In many ways investors are behaving exactly as expected given the conclusion of seven years of Federal Reserve “hand-holding.” Ironically, with a little over a month since the rate hike, some forecasters are calling for a rate cut and resumption of quantitative easing later this year. Despite that, the money markets are functioning in a remarkably smooth fashion. Fed funds, 3-month LIBOR and overnight General Collateral repo, three measures of a well functioning money market have all been rock solid and steady since the rate hike. Similarly, the massive reverse repo program the Fed launched to ensure they would be able to sob up the excess liquidity in the system has been little used and is nowhere near its mandate cap.

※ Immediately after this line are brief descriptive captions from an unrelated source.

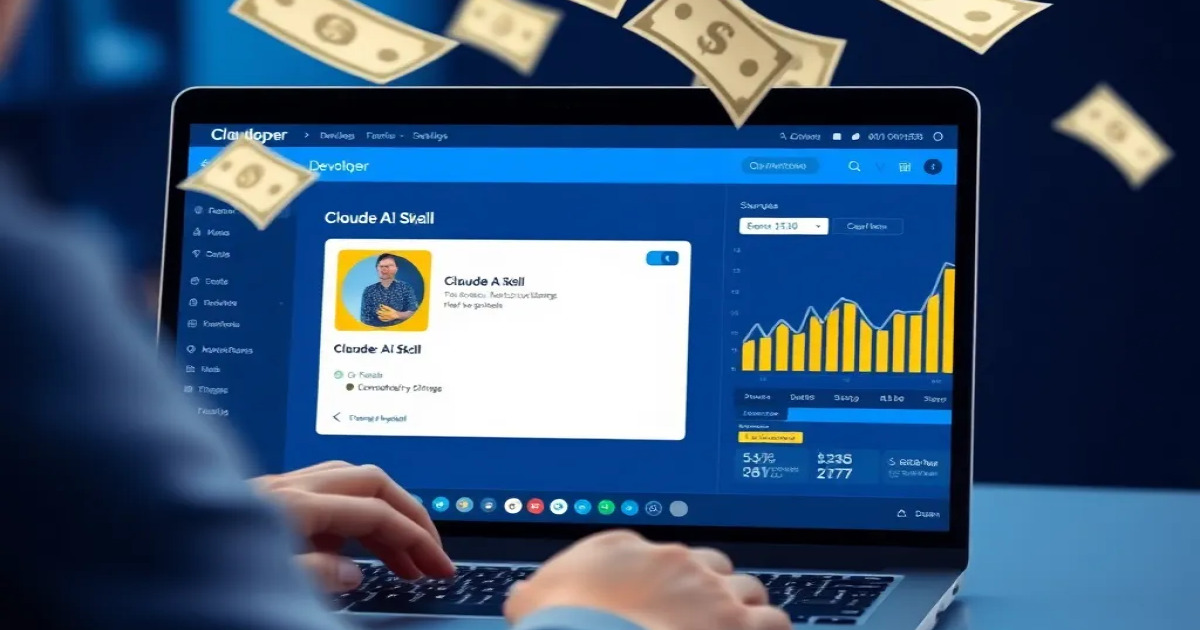 Cómo ganar dinero creando Skills para Claude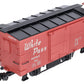 Aristo-Craft 40315 G Scale White Pass & Yukon 20' Boxcar #80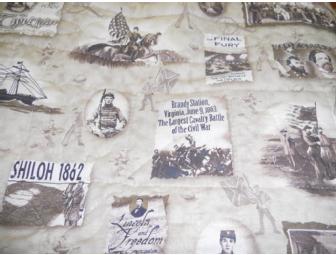 Women's Voices - A Civil War Reproduction Quilt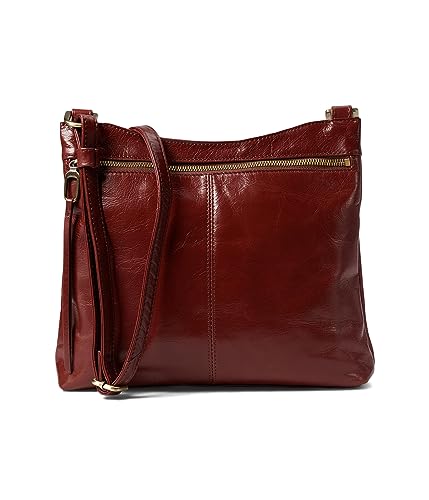 Image of HOBO Cambel Leather Crossbody Bag for Women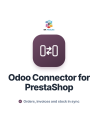 Connecteur Odoo PrestaShop : synchroniser commandes, factures et stock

Then why the suddenly bearish stock market performance? Seemingly, the best answer is that traders are speculating that a combination of falling oil prices and higher interest rates will tip the U.S. economy into recession. Supporting that theory is the slowdown in manufacturing that’s been going on since last summer. To be sure, multinational earnings have been impacted by the strong dollar. While that’s certainly a drag on profitability, we’re seeing indications that the move has run its course and the currency market may be on the verge of stabilizing. What’s gone unnoticed is that with those earnings releases, in many cases management has announced further expansion of corporate stock buy backs. On a trailing twelve month basis through Q3 2015, corporations bought back $556 billion of stock. With some stocks trading 10% to 20% below their recent peaks, CEO’s will be more incentivized than ever to issue corporate debt and buy back the shares. As we’ve discussed on numerous occasions, doing so improves the perceived performance of the company, enabling the CEO to point to a rising stock price and rising earnings per share, and pay herself handsomely for a job well done.